# Gopro went for a swim in the tank



## kookie_guy (Oct 15, 2014)

Just messing around with the gopro. Stuck it in the tank, then did a swim around, the taped the feeding. Obviously best viewed in full screen HD.

Wrasses get up close and personal around 2:55, then at 7:30 I take it off the glass and have a look around from the top





Good view of my flame hawk at 1:40 and 3:30...waiting for dinner, lol


----------



## fesso clown (Nov 15, 2011)

cool, I have a gopro, never thought to try that... i'll have to dig it out, when I do I'll post to this thread.


----------



## fesso clown (Nov 15, 2011)

here's my cool gopro video though... it's called "CHAINSAW CAM"


----------



## kookie_guy (Oct 15, 2014)

fesso clown said:


> cool, I have a gopro, never thought to try that... i'll have to dig it out, when I do I'll post to this thread.


If it's one of the pre-hero 3 units, you will need the housing with the flat lens. If you try to use the one with the dome lens, it's VERY blurry, and you'll be pissed off like I was when I first tried it, lol. WTF is the purpose of a camera that's waterproof to whatever feet, if anything you shoot under water looks like crap, lol.


----------



## fesso clown (Nov 15, 2011)

ya, i have the flat lens housing.


----------



## Patwa (Jan 30, 2014)

my friend brought his GoPro over recently and did a quick shoot with my tank..it was awesome. I told him to come back in a week to do another video, coz I wanted to make some aquascape mods to enhance the video hehe

He attached it to a rod and I was able to move the camera to all areas of the tank without getting my hands wet...i need to get me a GoPro one day!


----------



## altcharacter (Jan 10, 2011)

We need to try this on a big tank!


----------



## kookie_guy (Oct 15, 2014)

next time I'm going to set it up outside the goby's 'home for the day' so that I can watch the pistol shrimp doing all the work, lol. I've been able to watch him for a bit, but then the tang swims over to see why the hell I'm looking at the tank and the goby chases the shrimp back into the hole.


----------



## kookie_guy (Oct 15, 2014)

Just checked my youtube and turns out I have one from the outside. Sorry for the upright video.

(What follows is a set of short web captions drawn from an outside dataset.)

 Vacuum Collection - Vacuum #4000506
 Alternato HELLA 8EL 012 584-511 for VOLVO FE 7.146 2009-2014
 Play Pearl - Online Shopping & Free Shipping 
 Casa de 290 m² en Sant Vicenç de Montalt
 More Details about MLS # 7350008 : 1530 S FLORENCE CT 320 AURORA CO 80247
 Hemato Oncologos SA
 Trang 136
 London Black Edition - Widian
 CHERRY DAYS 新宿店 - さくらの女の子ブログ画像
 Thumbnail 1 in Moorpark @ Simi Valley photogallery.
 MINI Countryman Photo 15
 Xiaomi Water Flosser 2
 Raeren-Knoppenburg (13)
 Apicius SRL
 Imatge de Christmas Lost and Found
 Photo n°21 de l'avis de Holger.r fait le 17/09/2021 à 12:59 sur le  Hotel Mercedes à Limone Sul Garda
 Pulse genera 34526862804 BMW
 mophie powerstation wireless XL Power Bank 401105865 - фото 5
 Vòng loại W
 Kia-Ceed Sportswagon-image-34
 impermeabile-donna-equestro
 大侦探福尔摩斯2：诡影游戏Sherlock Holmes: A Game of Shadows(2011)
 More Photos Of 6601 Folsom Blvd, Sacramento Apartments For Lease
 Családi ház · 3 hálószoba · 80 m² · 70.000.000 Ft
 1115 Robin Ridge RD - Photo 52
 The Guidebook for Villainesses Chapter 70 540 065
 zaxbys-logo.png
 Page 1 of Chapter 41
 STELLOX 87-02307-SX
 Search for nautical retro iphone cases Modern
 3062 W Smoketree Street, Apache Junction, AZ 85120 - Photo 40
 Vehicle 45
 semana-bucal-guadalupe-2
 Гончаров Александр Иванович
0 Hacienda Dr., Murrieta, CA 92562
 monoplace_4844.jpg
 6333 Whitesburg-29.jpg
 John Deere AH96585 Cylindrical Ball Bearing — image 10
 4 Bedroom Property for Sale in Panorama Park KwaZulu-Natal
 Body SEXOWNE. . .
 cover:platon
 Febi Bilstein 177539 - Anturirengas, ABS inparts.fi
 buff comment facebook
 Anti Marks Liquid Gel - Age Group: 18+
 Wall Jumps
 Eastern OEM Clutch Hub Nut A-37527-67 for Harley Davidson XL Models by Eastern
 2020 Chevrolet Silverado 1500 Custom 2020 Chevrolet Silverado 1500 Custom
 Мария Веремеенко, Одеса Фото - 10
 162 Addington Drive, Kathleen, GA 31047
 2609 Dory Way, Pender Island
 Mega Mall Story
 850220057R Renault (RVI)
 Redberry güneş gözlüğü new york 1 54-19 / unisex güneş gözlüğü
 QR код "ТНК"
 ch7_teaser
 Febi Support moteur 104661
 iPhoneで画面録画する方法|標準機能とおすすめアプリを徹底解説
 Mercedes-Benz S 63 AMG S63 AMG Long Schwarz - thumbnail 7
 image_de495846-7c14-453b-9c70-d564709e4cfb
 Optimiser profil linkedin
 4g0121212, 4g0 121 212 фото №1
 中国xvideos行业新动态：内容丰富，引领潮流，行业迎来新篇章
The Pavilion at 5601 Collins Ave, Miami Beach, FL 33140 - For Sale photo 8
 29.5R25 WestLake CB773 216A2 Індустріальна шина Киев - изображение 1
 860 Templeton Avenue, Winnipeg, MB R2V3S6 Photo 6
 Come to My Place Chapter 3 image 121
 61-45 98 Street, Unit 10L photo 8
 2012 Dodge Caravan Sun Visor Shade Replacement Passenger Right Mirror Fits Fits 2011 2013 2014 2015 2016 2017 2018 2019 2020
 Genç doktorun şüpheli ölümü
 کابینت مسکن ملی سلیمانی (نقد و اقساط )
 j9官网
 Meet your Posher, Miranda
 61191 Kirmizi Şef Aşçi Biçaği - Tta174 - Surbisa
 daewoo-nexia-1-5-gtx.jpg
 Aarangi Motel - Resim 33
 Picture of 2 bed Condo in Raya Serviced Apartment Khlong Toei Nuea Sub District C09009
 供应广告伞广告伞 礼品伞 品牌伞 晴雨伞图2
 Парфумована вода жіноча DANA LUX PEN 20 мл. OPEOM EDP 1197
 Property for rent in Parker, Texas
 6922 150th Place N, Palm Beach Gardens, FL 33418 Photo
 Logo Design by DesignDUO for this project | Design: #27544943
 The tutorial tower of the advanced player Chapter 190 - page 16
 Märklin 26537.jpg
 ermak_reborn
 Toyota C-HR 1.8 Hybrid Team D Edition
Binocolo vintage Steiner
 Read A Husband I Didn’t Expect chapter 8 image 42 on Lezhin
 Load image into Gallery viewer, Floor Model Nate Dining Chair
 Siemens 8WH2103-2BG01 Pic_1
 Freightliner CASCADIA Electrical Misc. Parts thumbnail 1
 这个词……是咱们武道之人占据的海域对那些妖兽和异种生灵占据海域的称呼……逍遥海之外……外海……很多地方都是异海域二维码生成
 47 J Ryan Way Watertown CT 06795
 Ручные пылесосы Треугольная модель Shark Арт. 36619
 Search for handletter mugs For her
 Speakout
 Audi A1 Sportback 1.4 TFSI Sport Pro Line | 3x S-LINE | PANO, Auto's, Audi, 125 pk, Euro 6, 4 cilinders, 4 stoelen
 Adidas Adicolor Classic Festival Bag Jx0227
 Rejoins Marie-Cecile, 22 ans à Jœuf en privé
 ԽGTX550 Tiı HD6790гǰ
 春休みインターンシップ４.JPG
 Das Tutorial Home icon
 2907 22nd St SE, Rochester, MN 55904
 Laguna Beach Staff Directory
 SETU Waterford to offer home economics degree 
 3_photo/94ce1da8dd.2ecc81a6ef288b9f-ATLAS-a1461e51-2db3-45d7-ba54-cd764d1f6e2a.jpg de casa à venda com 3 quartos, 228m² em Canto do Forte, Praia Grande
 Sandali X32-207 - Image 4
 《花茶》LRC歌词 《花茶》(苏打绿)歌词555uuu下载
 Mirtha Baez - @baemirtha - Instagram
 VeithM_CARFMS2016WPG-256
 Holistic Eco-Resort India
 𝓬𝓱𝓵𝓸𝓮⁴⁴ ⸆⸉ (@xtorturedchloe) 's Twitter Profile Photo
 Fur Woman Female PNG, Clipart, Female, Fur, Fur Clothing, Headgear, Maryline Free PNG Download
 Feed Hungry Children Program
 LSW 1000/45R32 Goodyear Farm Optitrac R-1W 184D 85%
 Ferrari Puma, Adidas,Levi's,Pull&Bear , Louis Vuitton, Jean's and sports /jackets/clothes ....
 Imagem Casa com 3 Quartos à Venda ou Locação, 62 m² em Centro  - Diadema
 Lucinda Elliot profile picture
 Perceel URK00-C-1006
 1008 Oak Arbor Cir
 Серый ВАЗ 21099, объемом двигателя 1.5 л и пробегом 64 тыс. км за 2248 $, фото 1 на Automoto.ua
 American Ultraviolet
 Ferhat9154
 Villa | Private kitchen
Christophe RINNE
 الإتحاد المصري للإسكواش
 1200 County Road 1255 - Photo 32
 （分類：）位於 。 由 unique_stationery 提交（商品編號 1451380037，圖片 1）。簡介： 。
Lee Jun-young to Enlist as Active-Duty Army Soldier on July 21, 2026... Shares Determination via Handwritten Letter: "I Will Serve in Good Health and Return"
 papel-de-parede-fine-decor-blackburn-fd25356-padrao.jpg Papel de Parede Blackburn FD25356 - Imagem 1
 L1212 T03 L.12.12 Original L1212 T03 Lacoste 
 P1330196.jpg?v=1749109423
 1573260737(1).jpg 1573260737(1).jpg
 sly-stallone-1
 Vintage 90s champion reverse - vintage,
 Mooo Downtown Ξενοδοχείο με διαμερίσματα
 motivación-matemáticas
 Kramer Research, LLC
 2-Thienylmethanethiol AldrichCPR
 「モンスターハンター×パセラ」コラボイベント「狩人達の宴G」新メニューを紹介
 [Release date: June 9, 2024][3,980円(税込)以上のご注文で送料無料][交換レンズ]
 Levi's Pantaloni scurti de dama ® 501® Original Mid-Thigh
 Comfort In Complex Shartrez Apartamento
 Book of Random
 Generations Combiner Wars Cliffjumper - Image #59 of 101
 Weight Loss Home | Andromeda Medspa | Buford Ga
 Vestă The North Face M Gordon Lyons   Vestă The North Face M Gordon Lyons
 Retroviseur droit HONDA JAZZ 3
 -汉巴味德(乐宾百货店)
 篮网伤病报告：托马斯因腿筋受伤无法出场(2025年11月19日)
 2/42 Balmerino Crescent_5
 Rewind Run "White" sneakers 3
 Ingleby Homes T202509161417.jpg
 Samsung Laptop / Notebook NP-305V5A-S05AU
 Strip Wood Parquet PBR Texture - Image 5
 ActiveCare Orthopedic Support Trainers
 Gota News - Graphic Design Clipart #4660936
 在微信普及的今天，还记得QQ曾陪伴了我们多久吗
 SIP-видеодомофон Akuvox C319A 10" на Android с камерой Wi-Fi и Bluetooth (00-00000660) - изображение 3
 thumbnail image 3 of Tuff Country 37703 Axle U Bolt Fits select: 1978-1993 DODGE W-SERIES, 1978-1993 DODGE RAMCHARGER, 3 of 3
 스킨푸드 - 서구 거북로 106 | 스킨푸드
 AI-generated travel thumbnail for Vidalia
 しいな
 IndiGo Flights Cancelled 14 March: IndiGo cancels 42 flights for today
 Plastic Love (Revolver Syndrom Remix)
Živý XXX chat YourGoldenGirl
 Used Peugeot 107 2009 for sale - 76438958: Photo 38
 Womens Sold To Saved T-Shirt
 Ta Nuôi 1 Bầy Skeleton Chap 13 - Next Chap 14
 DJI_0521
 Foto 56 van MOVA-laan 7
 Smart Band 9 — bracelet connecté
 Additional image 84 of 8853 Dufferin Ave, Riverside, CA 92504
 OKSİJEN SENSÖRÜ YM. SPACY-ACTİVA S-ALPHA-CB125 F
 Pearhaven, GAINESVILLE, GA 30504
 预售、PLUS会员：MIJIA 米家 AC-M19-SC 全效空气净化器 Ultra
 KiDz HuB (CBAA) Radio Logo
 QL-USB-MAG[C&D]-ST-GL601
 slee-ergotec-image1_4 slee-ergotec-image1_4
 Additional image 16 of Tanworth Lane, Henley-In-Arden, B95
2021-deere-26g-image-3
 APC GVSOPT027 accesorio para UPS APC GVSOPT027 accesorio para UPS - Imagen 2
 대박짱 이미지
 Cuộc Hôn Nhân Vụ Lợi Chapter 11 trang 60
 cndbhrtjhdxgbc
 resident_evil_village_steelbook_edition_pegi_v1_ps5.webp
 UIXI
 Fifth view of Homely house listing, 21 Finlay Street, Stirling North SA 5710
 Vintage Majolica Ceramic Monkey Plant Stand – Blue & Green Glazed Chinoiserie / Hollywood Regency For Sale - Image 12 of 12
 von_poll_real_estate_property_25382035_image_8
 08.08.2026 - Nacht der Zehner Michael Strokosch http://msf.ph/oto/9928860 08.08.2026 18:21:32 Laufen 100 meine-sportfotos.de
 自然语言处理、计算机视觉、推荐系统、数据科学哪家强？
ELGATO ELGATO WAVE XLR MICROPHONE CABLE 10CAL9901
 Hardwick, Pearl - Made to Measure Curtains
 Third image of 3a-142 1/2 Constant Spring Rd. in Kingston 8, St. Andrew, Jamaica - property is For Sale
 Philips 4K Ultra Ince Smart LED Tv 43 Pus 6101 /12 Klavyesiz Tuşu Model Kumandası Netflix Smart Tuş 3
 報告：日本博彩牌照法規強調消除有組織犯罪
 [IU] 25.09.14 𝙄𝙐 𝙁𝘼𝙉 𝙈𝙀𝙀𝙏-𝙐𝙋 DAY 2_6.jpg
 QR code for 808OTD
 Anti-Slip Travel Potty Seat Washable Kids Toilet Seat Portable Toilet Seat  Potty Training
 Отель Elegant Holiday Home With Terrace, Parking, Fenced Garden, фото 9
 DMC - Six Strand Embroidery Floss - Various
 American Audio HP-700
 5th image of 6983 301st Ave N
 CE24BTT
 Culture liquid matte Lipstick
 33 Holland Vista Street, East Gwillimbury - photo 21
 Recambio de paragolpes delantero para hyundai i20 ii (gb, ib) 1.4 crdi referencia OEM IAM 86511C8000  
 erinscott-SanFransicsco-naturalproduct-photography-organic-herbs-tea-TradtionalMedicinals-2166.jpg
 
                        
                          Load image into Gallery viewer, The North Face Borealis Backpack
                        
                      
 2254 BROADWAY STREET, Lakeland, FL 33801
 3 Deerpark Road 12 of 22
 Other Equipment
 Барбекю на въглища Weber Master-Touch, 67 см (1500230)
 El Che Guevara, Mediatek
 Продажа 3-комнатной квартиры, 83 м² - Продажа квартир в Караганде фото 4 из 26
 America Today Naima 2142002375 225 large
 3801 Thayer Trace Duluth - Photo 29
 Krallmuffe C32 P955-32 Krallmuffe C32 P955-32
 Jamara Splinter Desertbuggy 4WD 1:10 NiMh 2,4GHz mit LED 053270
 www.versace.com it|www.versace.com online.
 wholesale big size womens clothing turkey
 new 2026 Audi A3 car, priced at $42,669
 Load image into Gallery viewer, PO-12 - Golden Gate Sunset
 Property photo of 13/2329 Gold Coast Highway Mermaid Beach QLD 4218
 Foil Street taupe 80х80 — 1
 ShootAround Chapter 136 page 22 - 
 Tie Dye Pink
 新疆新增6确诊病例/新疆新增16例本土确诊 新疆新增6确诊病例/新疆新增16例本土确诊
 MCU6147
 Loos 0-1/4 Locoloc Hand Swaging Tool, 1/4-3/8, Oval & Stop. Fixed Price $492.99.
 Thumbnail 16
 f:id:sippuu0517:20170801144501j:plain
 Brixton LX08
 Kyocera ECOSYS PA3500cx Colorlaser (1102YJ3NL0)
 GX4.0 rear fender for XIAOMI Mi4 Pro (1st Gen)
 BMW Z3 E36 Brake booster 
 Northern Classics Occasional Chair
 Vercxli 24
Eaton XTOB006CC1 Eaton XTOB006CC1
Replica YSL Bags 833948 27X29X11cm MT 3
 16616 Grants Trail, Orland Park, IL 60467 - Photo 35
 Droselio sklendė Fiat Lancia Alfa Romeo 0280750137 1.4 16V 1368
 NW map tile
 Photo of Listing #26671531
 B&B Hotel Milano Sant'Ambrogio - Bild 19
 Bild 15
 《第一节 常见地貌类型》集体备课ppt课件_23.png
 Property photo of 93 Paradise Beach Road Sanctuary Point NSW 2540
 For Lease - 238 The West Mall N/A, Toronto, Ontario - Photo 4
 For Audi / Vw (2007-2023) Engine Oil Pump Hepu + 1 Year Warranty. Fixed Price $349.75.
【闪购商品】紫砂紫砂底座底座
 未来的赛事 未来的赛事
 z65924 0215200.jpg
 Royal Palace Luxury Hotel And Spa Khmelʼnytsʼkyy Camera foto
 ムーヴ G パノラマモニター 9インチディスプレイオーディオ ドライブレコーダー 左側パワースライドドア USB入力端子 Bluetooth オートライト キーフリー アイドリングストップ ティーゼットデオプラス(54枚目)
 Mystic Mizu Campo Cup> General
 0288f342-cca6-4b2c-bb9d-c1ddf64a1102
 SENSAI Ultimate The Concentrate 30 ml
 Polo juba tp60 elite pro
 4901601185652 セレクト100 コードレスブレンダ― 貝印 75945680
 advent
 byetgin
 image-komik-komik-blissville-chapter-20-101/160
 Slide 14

Clowns in the RBTA and the shrimp kicking up some dust.


----------



## ameekplec. (May 1, 2008)

Very cool.........maybe I'll borrow my brother's GoPro and give it a dive in the tank!


----------



## CoralConnoisseur (Mar 5, 2014)

I put a friends gopro in my tank. The video was fairly clear, but everything was incredibly blue. How did you fix that? Any specific video editor that's easy to use?


----------



## kookie_guy (Oct 15, 2014)

CoralConnoisseur said:


> I put a friends gopro in my tank. The video was fairly clear, but everything was incredibly blue. How did you fix that? Any specific video editor that's easy to use?


I didn't really do any kind of correction, just had all 3 channels on my lights on. With the youtube editor you can actually apply a little bit of colour correction to make it a bit more realistic.


----------